Input data —
+++
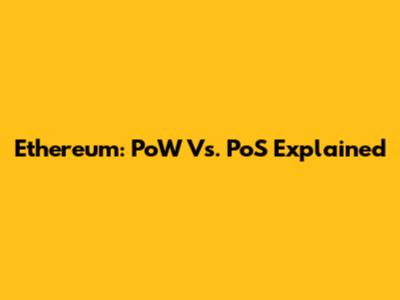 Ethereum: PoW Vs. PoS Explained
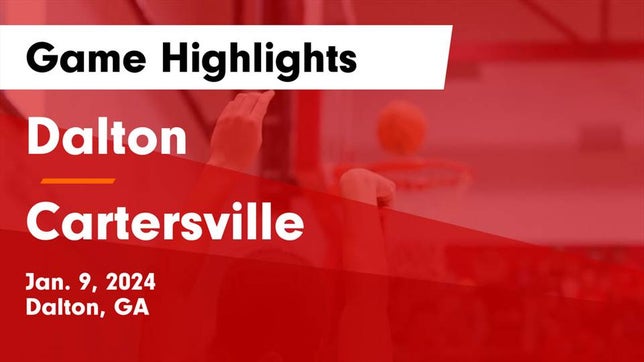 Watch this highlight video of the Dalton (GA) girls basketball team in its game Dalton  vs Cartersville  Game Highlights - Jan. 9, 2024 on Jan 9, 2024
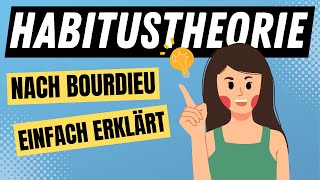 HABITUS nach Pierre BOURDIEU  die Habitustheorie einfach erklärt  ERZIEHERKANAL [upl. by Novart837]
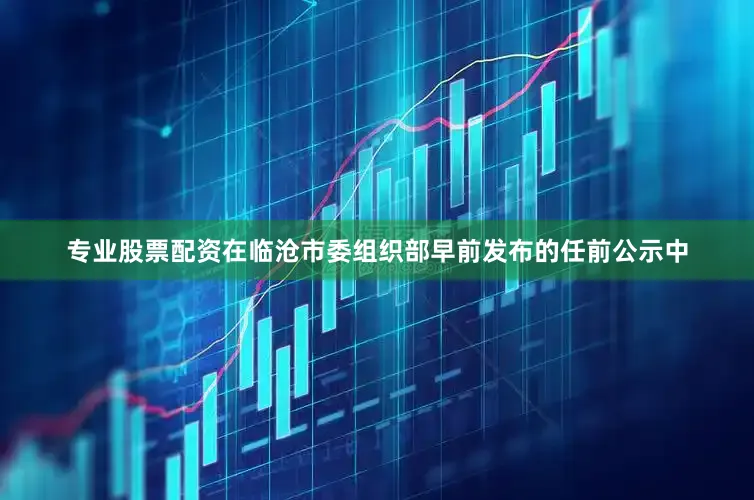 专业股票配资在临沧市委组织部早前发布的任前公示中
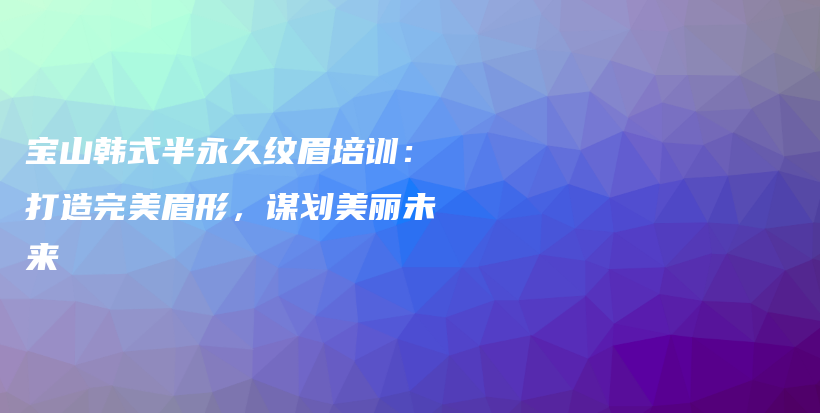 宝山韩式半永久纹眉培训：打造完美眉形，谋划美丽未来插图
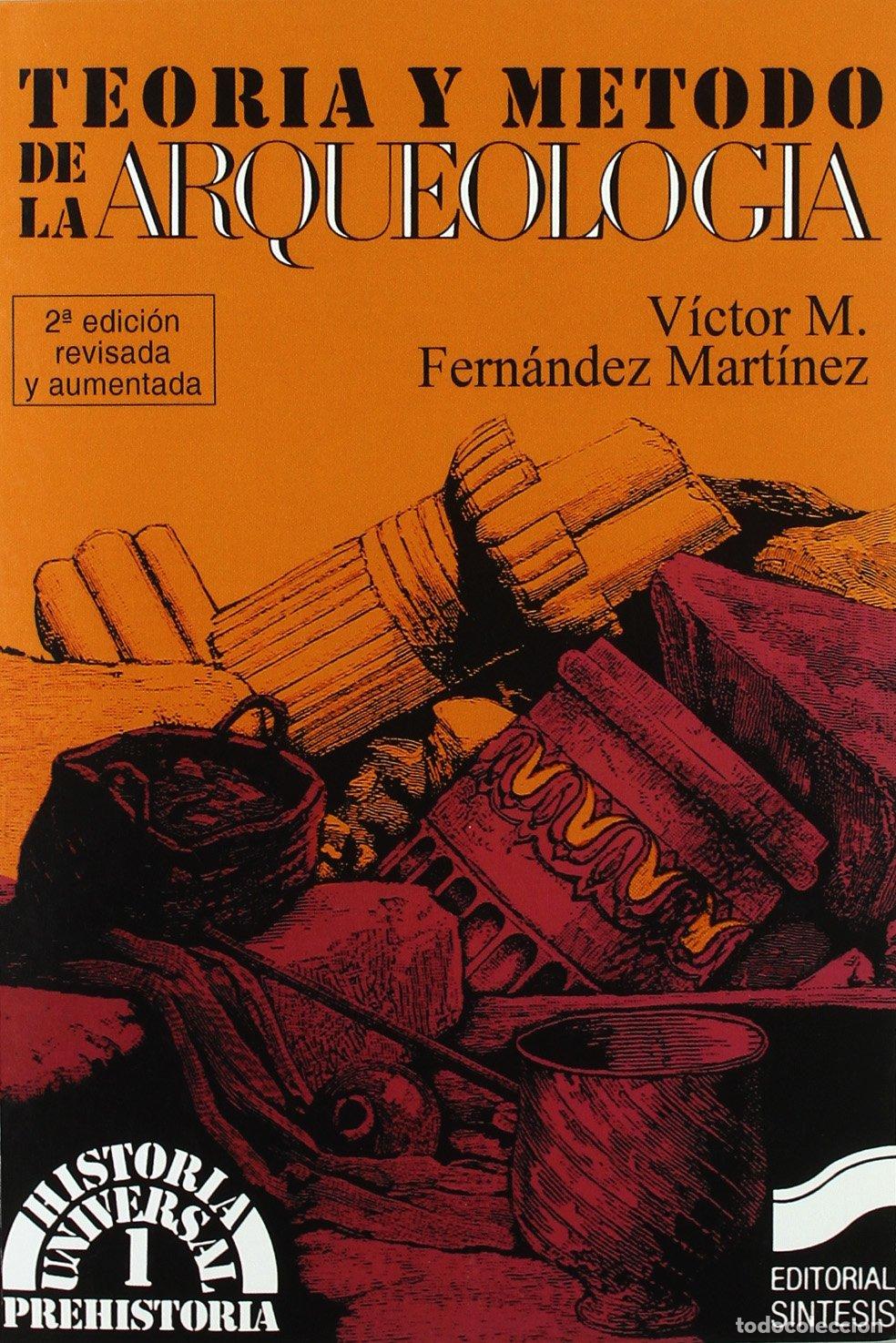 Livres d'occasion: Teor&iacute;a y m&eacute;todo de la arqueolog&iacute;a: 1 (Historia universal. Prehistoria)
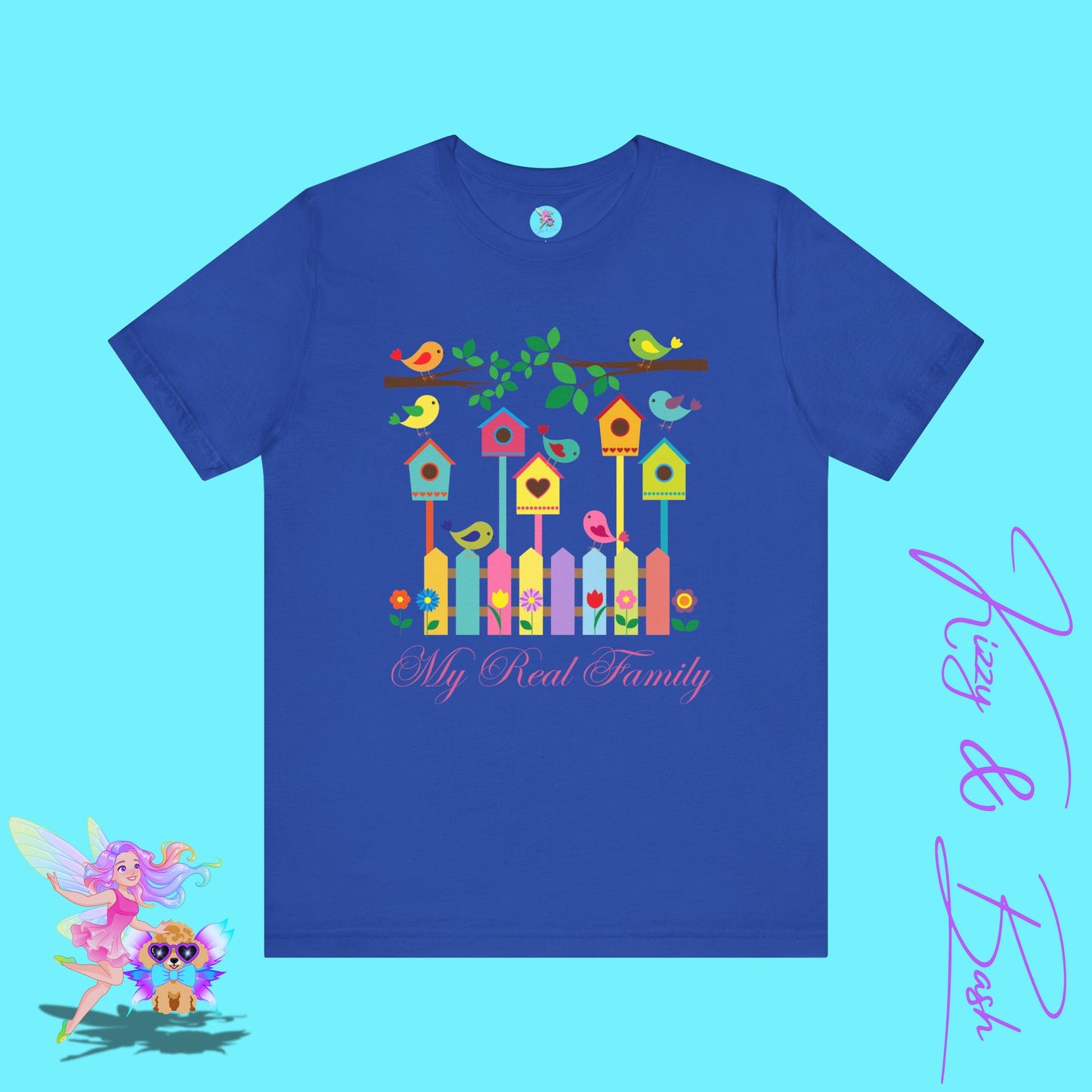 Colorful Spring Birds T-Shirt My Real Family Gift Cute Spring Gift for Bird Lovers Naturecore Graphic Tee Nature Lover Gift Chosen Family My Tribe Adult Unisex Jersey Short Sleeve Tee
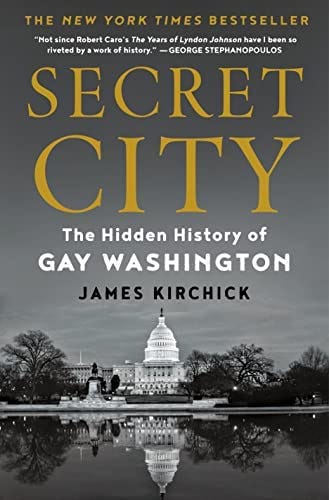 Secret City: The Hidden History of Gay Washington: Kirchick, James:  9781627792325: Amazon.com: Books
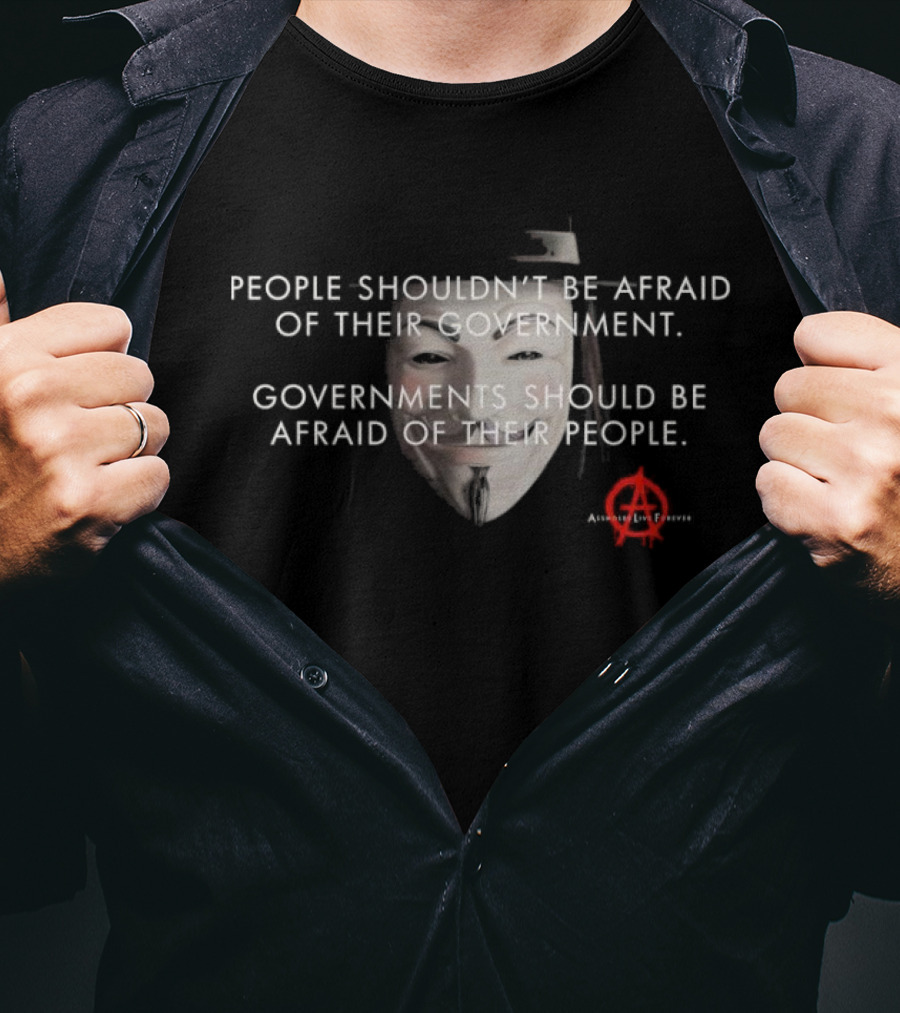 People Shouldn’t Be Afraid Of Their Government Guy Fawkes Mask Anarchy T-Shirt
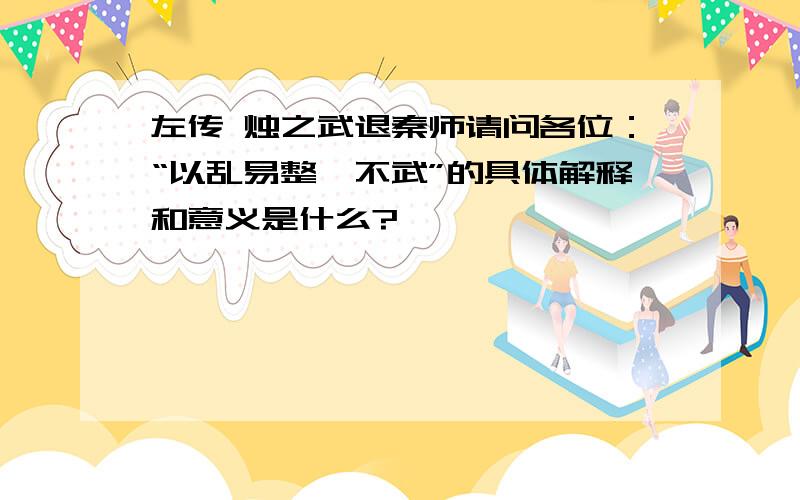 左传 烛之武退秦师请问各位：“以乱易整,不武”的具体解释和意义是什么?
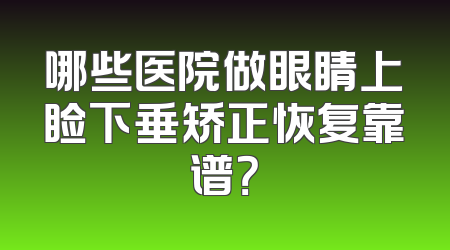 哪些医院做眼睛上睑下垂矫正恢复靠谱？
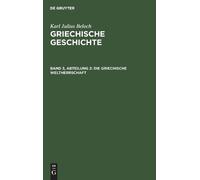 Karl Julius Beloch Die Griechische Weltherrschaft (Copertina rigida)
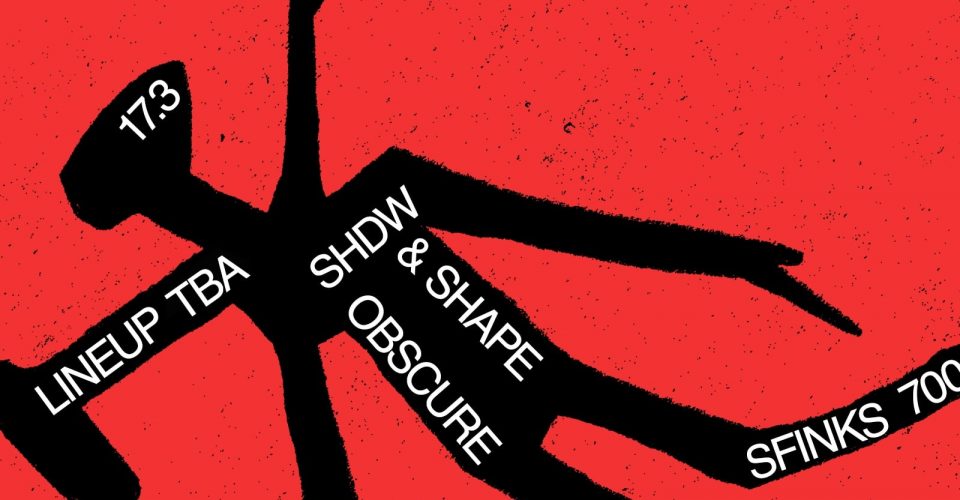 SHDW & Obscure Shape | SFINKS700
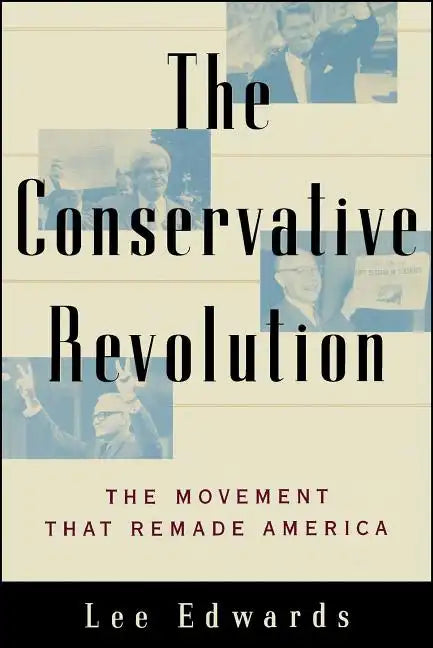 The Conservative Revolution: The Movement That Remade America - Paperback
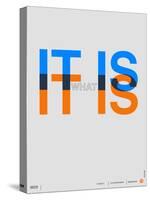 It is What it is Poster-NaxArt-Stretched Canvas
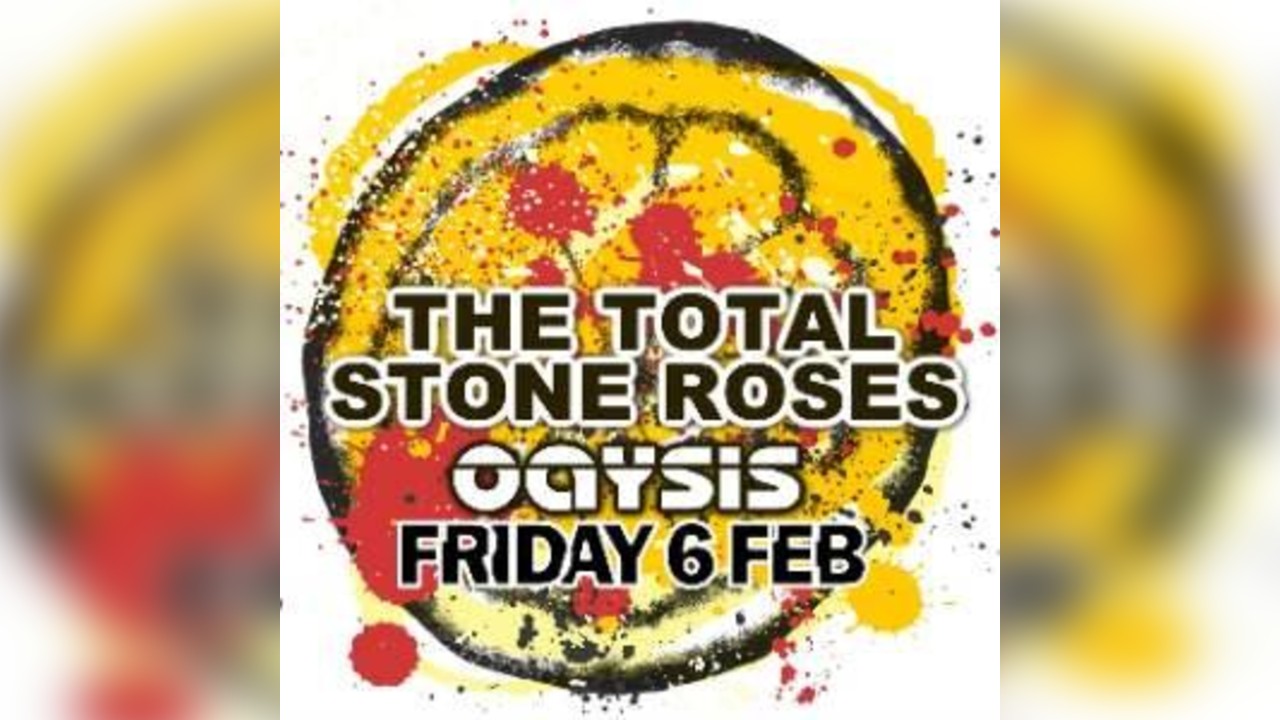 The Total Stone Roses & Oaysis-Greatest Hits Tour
+++
Exercise description —
A word-for-word copy of the records is required. Leave out every picture.

Response —
 Ethereum: PoW Vs. PoS Explained
 Watch this highlight video of the Dalton (GA) girls basketball team in its game Dalton  vs Cartersville  Game Highlights - Jan. 9, 2024 on Jan 9, 2024
 HABITUS nach Pierre BOURDIEU  die Habitustheorie einfach erklärt  ERZIEHERKANAL [upl. by Novart837]
 专业股票配资在临沧市委组织部早前发布的任前公示中
 宝山韩式半永久纹眉培训：打造完美眉形，谋划美丽未来插图
 Livres d'occasion: Teor&iacute;a y m&eacute;todo de la arqueolog&iacute;a: 1 (Historia universal. Prehistoria)
 Colorful Spring Birds T-Shirt My Real Family Gift Cute Spring Gift for Bird Lovers Naturecore Graphic Tee Nature Lover Gift Chosen Family My Tribe Adult Unisex Jersey Short Sleeve Tee
 Secret City: The Hidden History of Gay Washington: Kirchick, James:  9781627792325: Amazon.com: Books
 People Shouldn’t Be Afraid Of Their Government Guy Fawkes Mask Anarchy T-Shirt
 左传 烛之武退秦师请问各位：“以乱易整,不武”的具体解释和意义是什么?
 哪些医院做眼睛上睑下垂矫正恢复靠谱？
 Karl Julius Beloch Die Griechische Weltherrschaft (Copertina rigida)
 SHDW & Obscure Shape | SFINKS700
 The Conservative Revolution: The Movement That Remade America - Paperback
 It is What it is Poster-NaxArt-Stretched Canvas
 The Total Stone Roses & Oaysis-Greatest Hits Tour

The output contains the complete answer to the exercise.